A verbatim repeat of the lines below is required, with the pictures removed.

Records drawn from a dataset
[Start of Attachment]
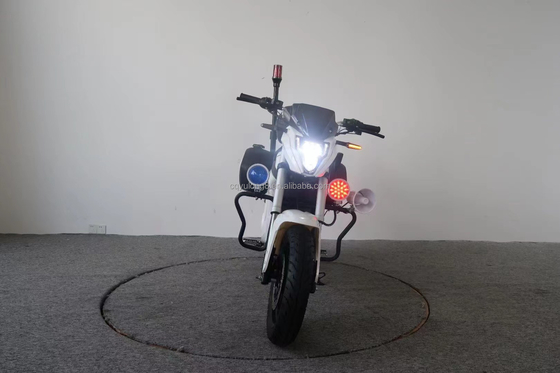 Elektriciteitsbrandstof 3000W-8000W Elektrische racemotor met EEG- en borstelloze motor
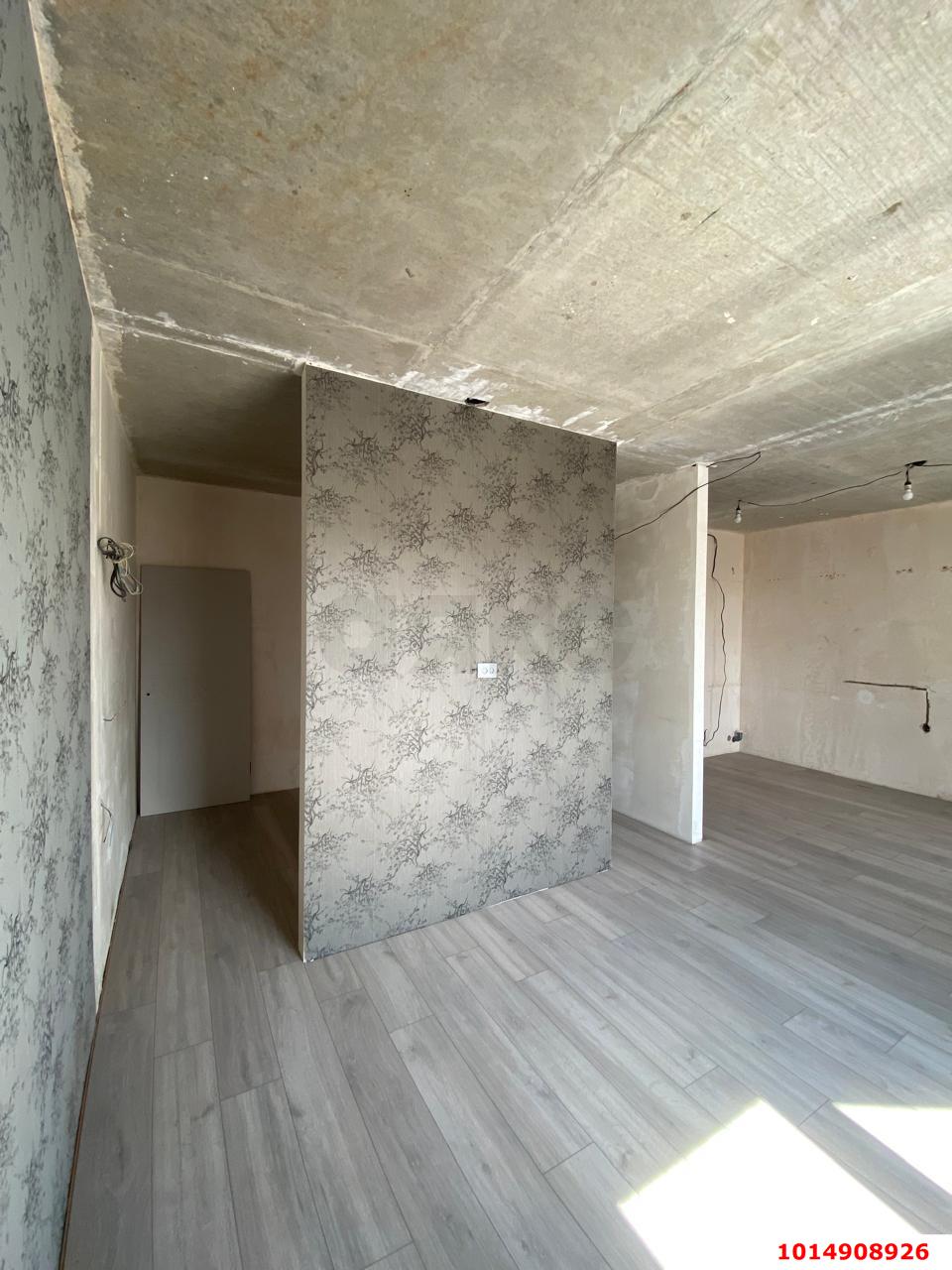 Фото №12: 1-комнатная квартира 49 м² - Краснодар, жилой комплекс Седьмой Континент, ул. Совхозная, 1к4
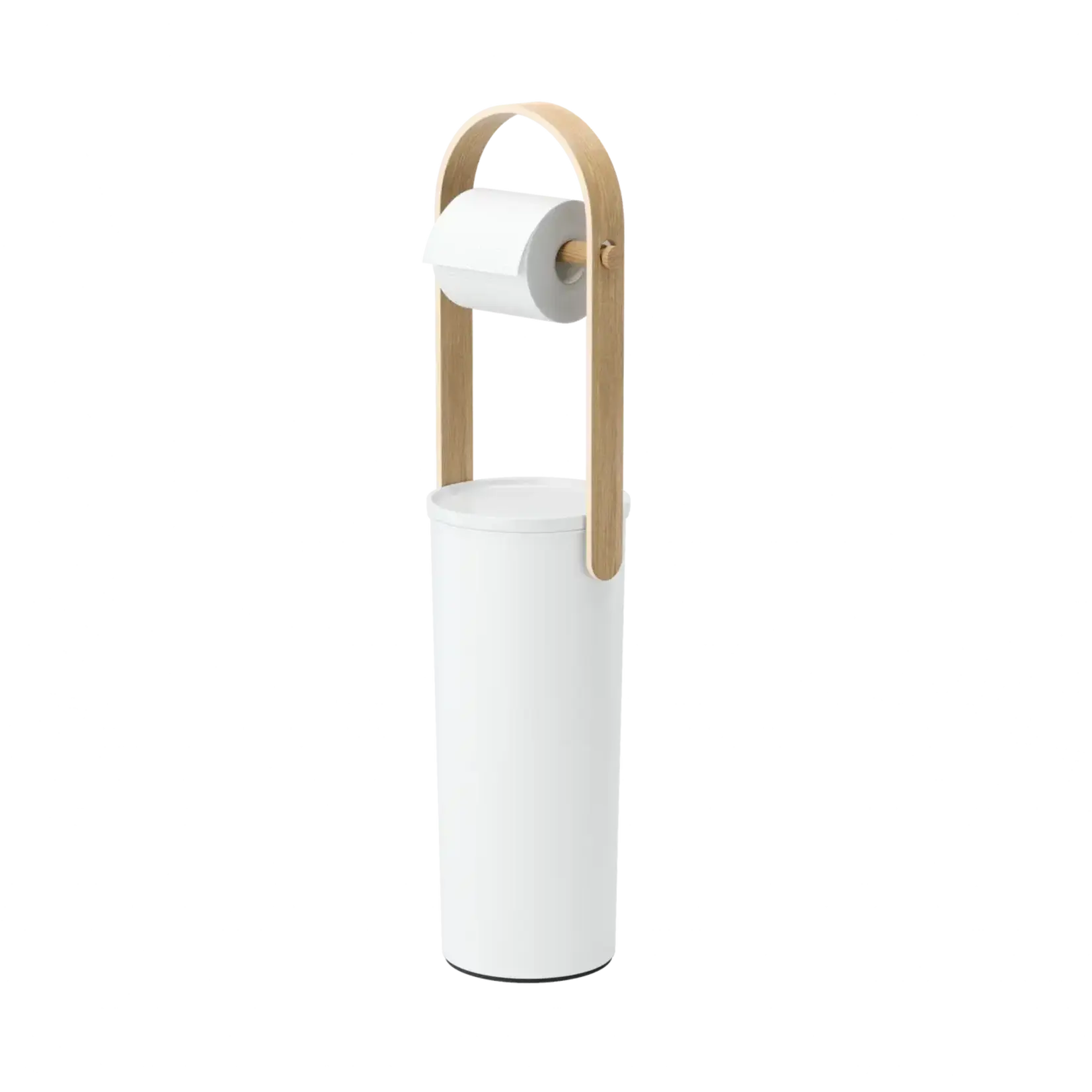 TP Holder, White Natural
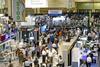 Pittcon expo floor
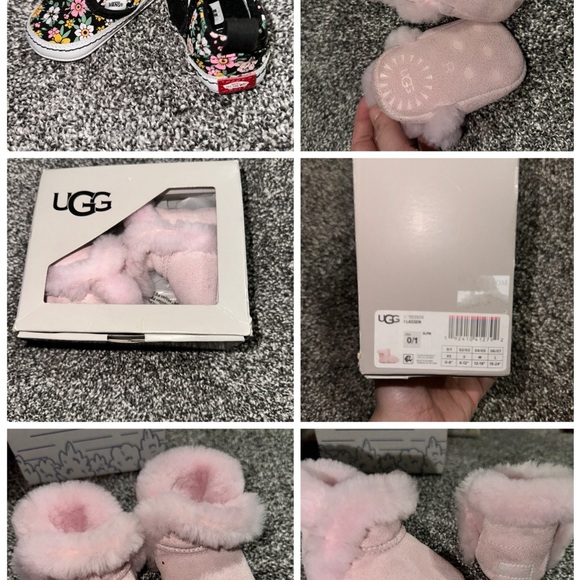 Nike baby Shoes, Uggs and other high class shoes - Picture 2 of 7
[End of Attachment]
(FINAL ANSWER)
 Elektriciteitsbrandstof 3000W-8000W Elektrische racemotor met EEG- en borstelloze motor
 Фото №12: 1-комнатная квартира 49 м² - Краснодар, жилой комплекс Седьмой Континент, ул. Совхозная, 1к4
 TP Holder, White Natural
 Pittcon expo floor
 Nike baby Shoes, Uggs and other high class shoes - Picture 2 of 7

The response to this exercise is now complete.